But What Changed – September 2024

Irritable Powell Syndrome

After months of speculation, Fed chair Jerome Powell and the FOMC cut rates 50 basis points and indicated that more easing was to come. This was widely cheered by many who have been sitting on the sidelines waiting to buy a house thinking the cut by the Fed would reduce mortgages rates. I hate to be the barer of bad news (I too want to buy a new house), but mortgage rates care more about 10-year yields than the short-end of thc yield curve. In fact, if you look at rate cuts since 1974, the median change on the 30-year mortgage rate one year following the first-rate cut was -2.2%. If rates were around 6.1%, when the Fed cut in September, that equates to 30-year mortgage rate of 5.9% one year from now. I think I am just gonna have to keep saving…

Because we were inverted…

While Maverick and Goose were busy “communicating” with the enemy, the yield curve finally un-inverted in September. For perspective, the yield curve inverted in 2022, making this the longest inversion in history. Does it matter? If you are an economist yes. lf you are an actual investor, probably not. Historically speaking, investor performance is not materially affected when the yield curve uninverts – actually the median three-year price return following a dis-inversion is slightly higher than historical three-year returns. Don’t sell because you think a recession is imminent.

China to the moon?

While global equities posted a strong September, you can’t talk about the markets without talking about China. Chinese officials threw everything but the kirchen sink in a stimulus package and to say the Chinese stock market responded would be an understatement. In nine trading sessions, the Shanghai Composite rose almost 25%. Max pain for funds who were short China, or the ever increasingly popular ex-China mutual fund/ETF set (we were neither). Before everyone gers all upset about missing this trade, keep in mind that if you invested in China in 2015, you have a price return of 0% after this run up last month.

The curse is broken

September has historically been the weakest month of the year for U.S. equities. What did we do naturally? The S&P 500 returned over 2% for the month. Impressive especially when you consider that September has the worst average annual return for any month over the past 20 years (-0.7%). Add in the fact that this is the best nine-month performance in the U.S. stock market in election year in history and I would say things are humming along nicely. This leads into my last point for everyone who thinks how can this market keep going up when there is so much bad the world.
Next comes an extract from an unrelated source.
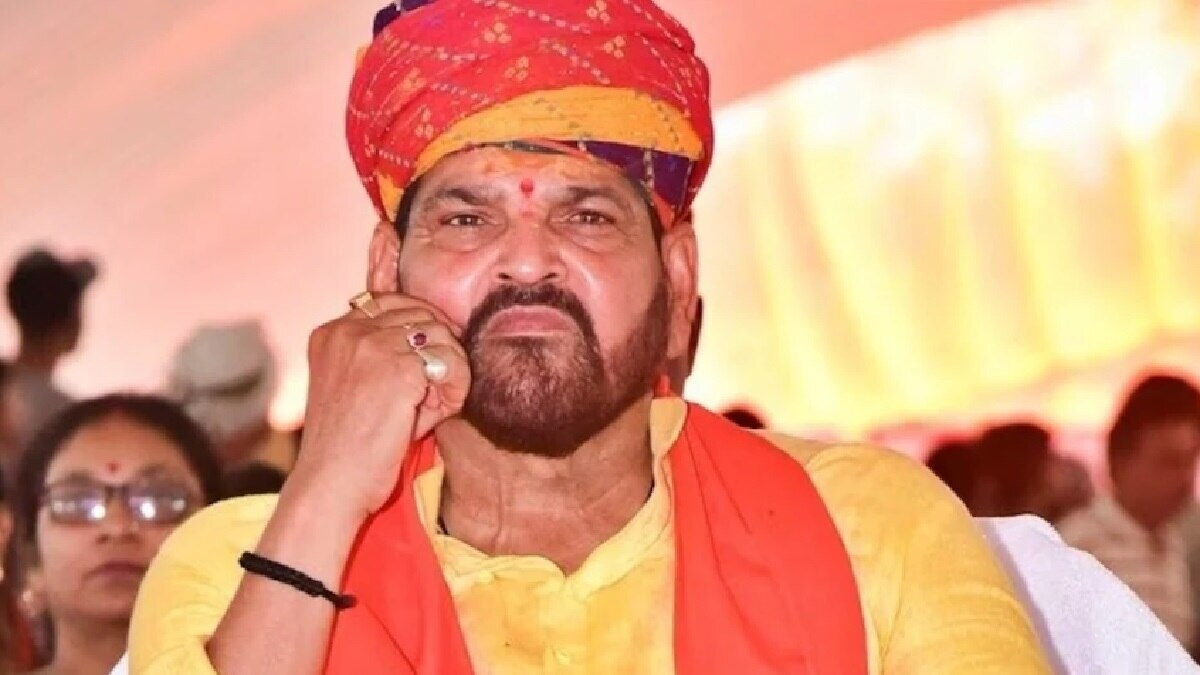 बिहार के खेत में क्यों करानी पड़ी बृजभूषण सिंह के हेलीकॉप्टर की एमरजेंसी लैंडिंग... वो बोले- 'मैं सेफ हूं' Brij Bhushan Singh statement on POCSO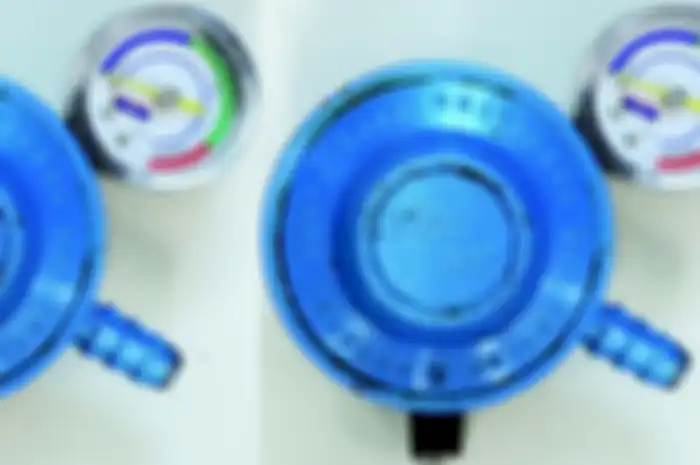 Regulator gas dapat membantu mendeteksi keberadaan gas atau asap di rumah.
The markets don’t care about your feelings

At the risk of sounding insensitive, things that are wildly important to us as individuals, the markets often could care less about. What you perceive as important, the markets will shrug is shoulders at. It doesn’t care if you think something is unfair, bad or any other host of emotions. What the global markets care about is the business cycle and the direction global economies are headed. Can war, natural disasters etc. effect the market? Yes, but only in the short run. Unless one of these things accompanies a shock to the system, that shifts the global economy, the market will do what it always does – not caring about your feelings.